Buffers/caches/quotas are all very similar. This can manifest in a couple of different ways, but this one gets me every time. You hit a stage in the game where you have lazers which can defend your base, but they take A LOT of power. This power is very bursty, you only fire lazers when a wave of enemies is attacking your base and then you don’t need that power after they all die. So, you need a power generation system which is perfectly scalable. Perfectly scalable. How laughable, is anything perfectly scalable? There are different forms of power, you can use solar, or oil, or coal, or nuclear. All have their pros/cons, but how do you handle these large bursts? Well, if you dont then you might brown your system out. All of your factories operate on reduced power and reduce their throughput accordingly. You also might black your system out if you use electricity to load coal into a boiler, but run out of electricity, so you cant load coal into a boiler and your boiler stops producing power. Just like in software systems, there are different ways to solve this problem. You can isolate workloads, or in this case isolate power networks so your critical systems remain online no matter what happens. You can tune your buffer so that these types of things don’t happen - until that buffer doesn’t work/scale because the customer/aliens change things up on you. Maybe you implement load shedding so only a few groups of lazers operate at a time so you do not take your system out. The possibilities are as endless as are the parallels to our reality.

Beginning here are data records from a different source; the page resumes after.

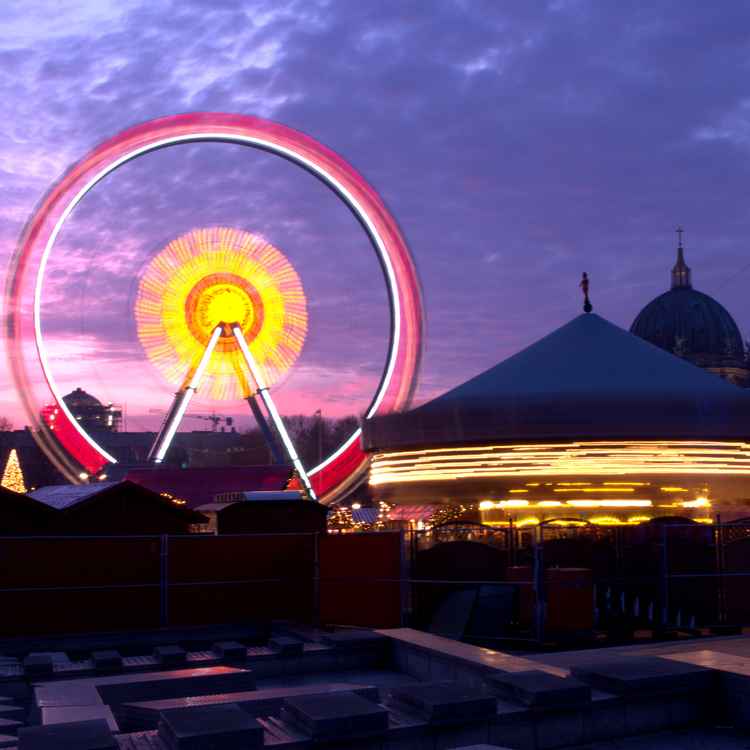 Weihnachtsmarkt mir Riesenrad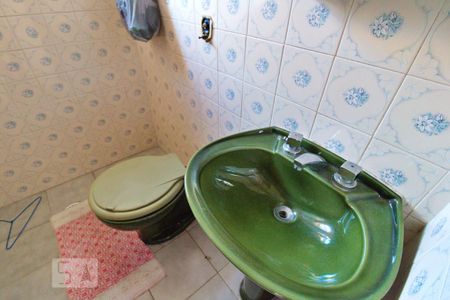 Casa à venda com 303m², 4 quartos e 6 vagas Casa à venda com 303m², 4 quartos e 6 vagasBanheiro de Serviço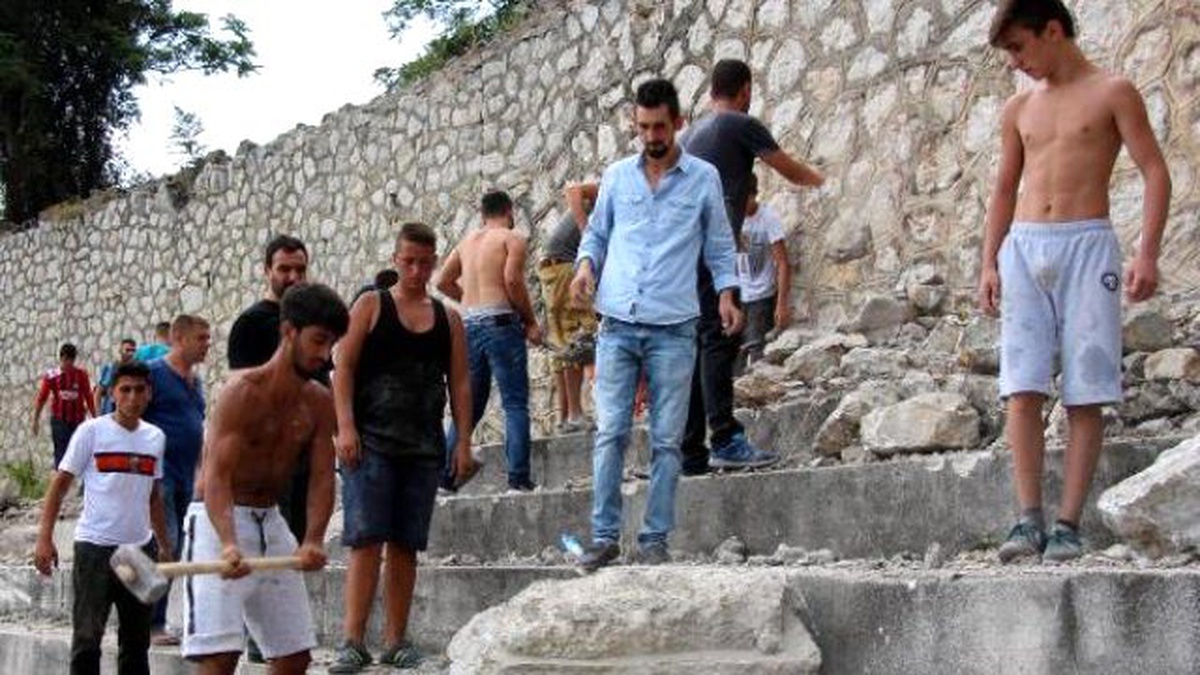 Zonguldak Kömürspor Taraftarlarından Örnek Davranış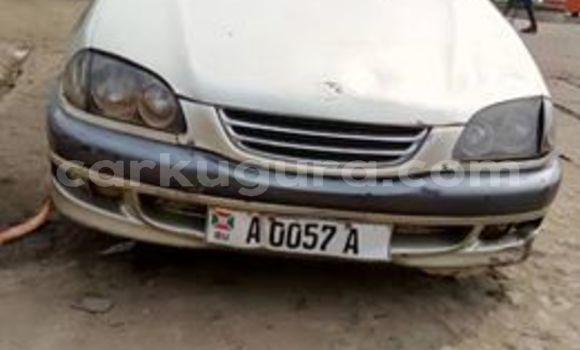 Acheter Occasion Voiture Toyota Avensis Gris à Bujumbura, Bujumbura Acheter Occasion Voiture Toyota Avensis Gris à Bujumbura, Bujumbura
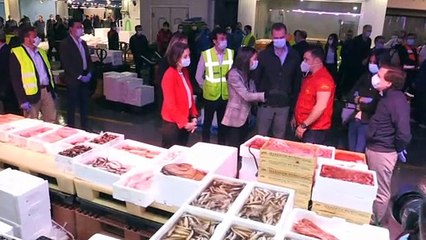 Felipe y Letizia visitan de madrugada Mercamadrid (I)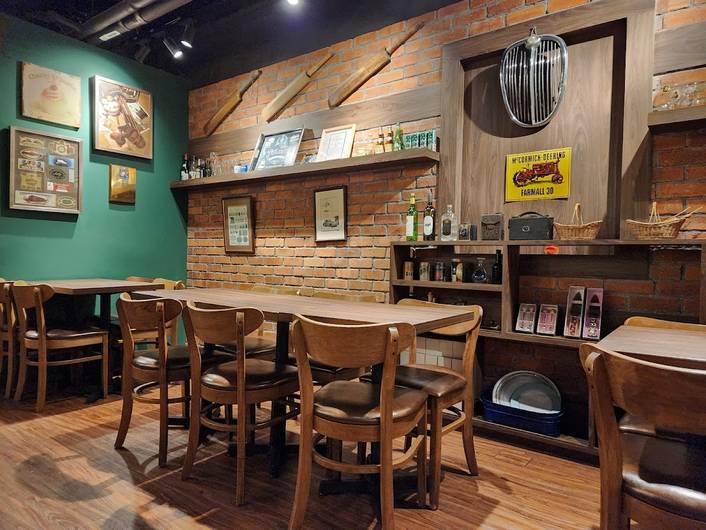 Café Ma Maison at Mandarin Gallery
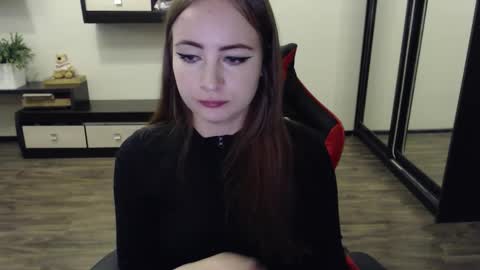 Laralianna online show from September 2025 01:54:02 PM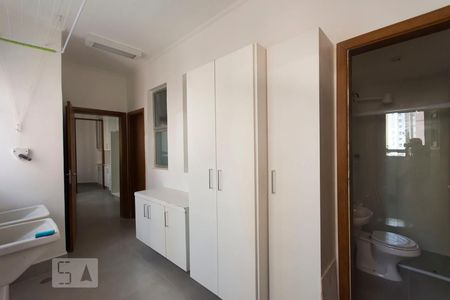 Apartamento à venda com 244m², 3 quartos e 3 vagas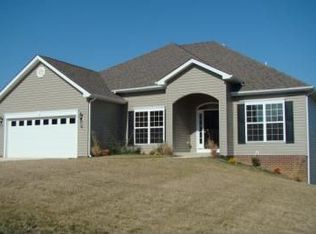 210 David Cir, Penn Laird, VA 22846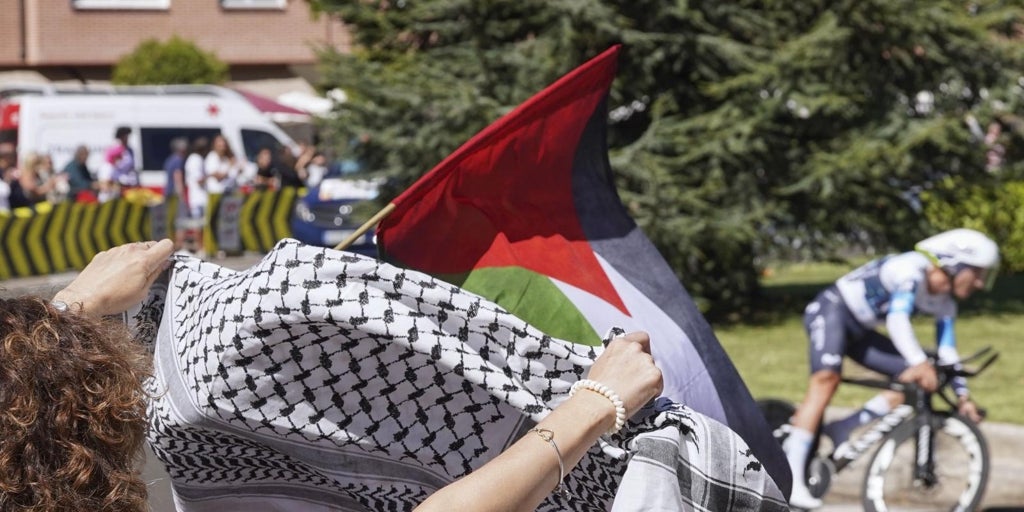 En la curva palestina de Valladolid: «¿Por qué gritan a todos los ciclistas?»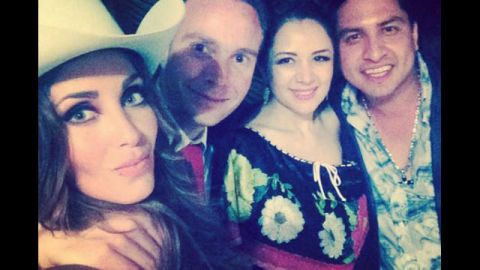Lo único que le falta es recibir la invitación al enlace por parte de los novios.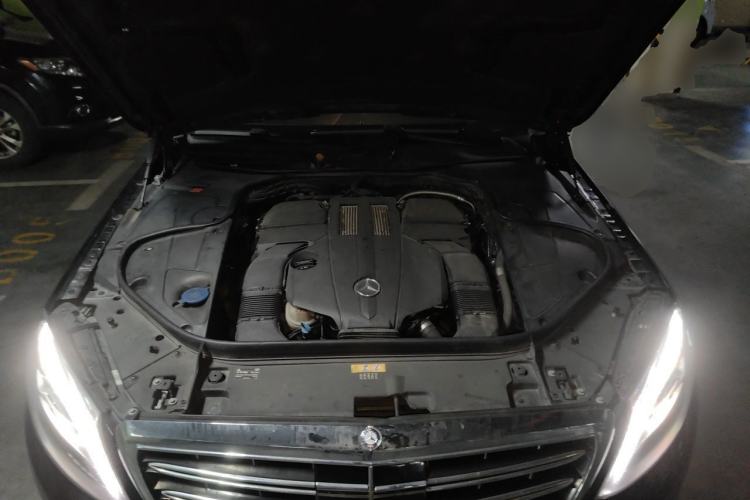 Used Mercedes-Benz S-Class 2014 S 320 L Luxury Model Engine Bay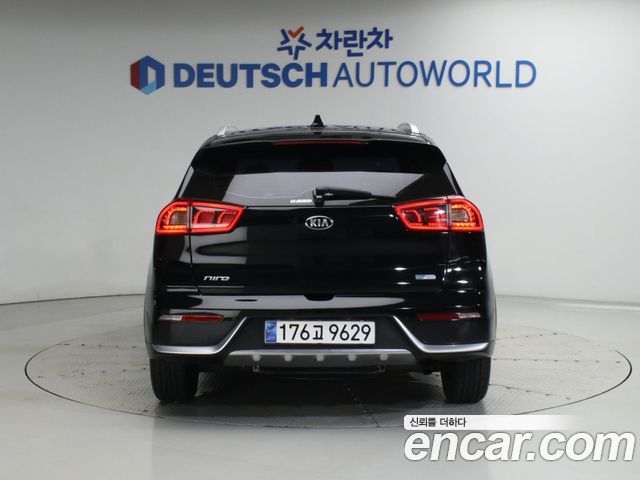 Kia Niro из Кореи Encar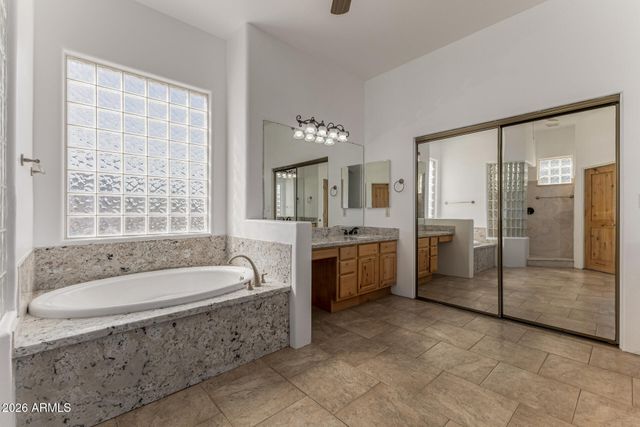 37313 N 16TH Street, Phoenix, AZ 85086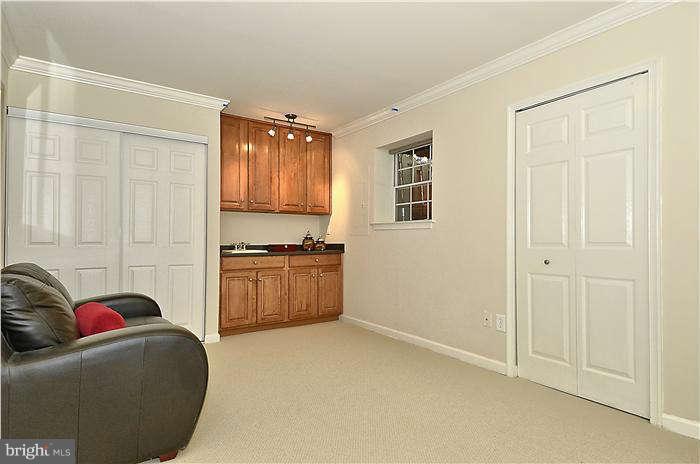 208 Hackley Ct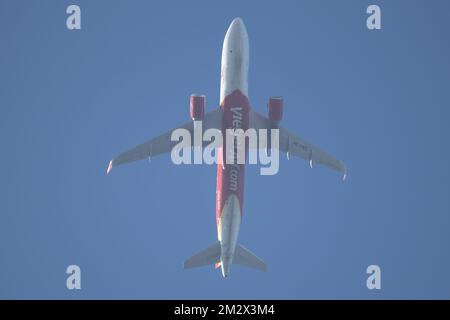 Chiangmai, Thailandia - 12 2022 novembre: HS-VKC A320-200 della compagnia aerea tailandese Vietjet. Decollo dall'Aeroporto Internazionale di Chiang mai all'Aeroporto di Bangkok. Foto Stock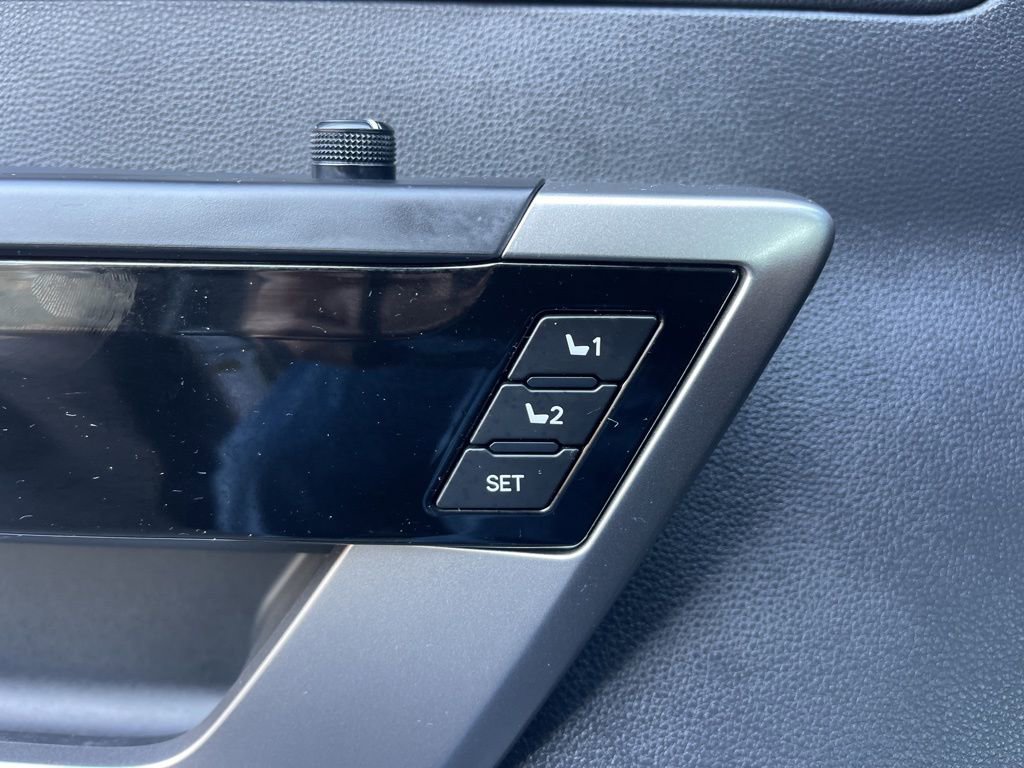 Used 2024 Toyota Tundra Limited image 20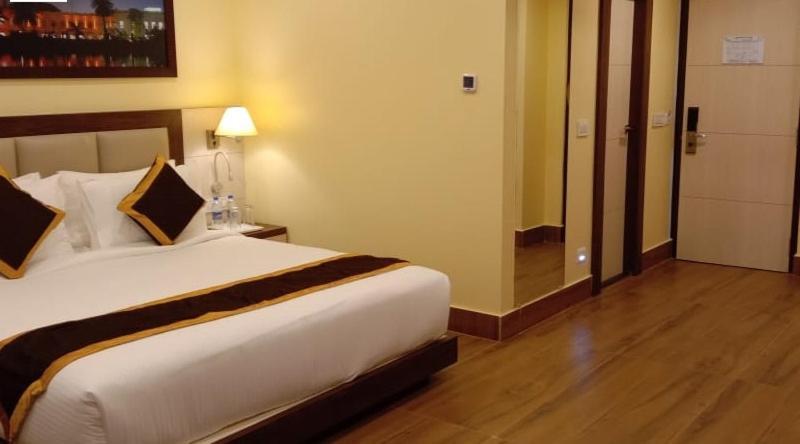 آغارتالا Hotel Rimi International المظهر الخارجي الصورة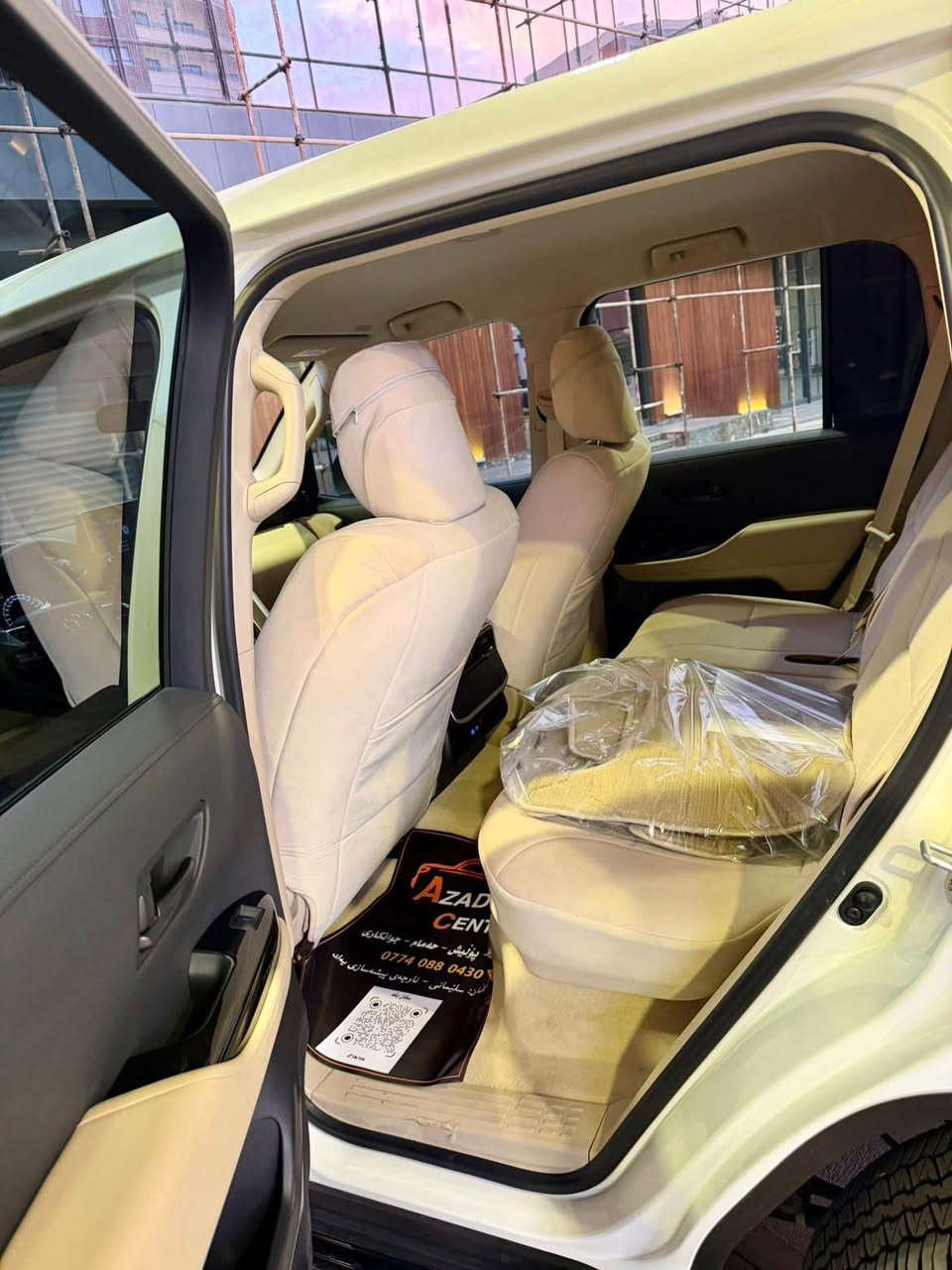 Landcruiser 2024 GX
١٤ هەزار کم  ڕۆیشتووە
بێ بۆیاخ و بێ سارد لۆک لۆک
*********** السليمانية, العراق
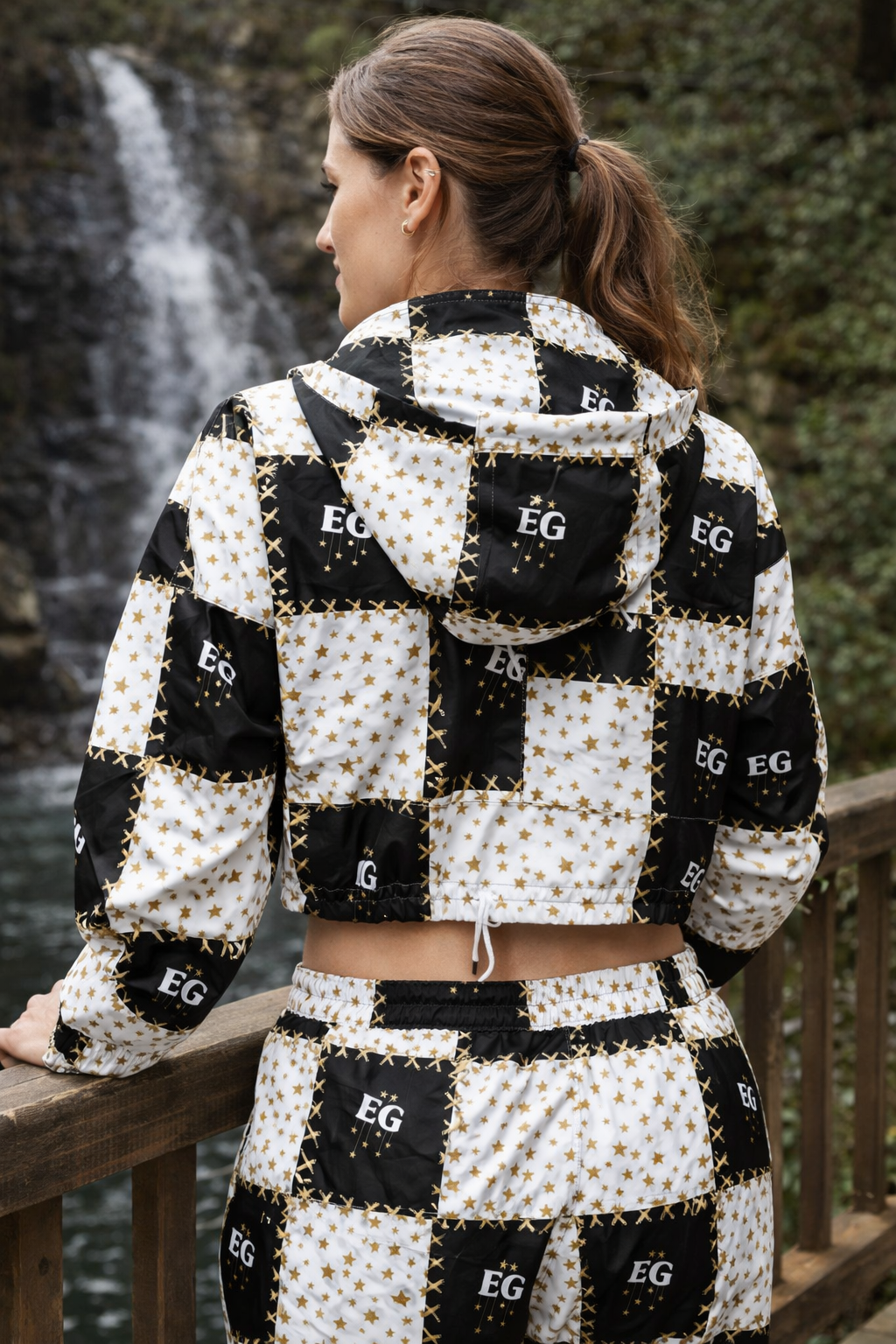 The quilted star Women’s cropped windbreaker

I could go on and on with a couple more examples, like circuit breakers or throttling, of how factorio is a parallel to software engineering, but that isnt the purpose of this post. The purpose of this post is to spark your curiosity. A common thing I get from my mentees and my team was - how could I have known about this before it happened? That is a really hard answer. Learning from others is not easy. Building a distributed system big enough and successful enough that you actually need to consider a cellular architecture is rare. You certainly could do a lot of this in mock setups in AWS, but thats both hard and extremely expensive. Or, you could go play a sim which will force you to learn these lessons the hard way. I know, I was on break and decided to play a game simulating my work - the irony is not lost on me (or my mother which constantly made fun of me).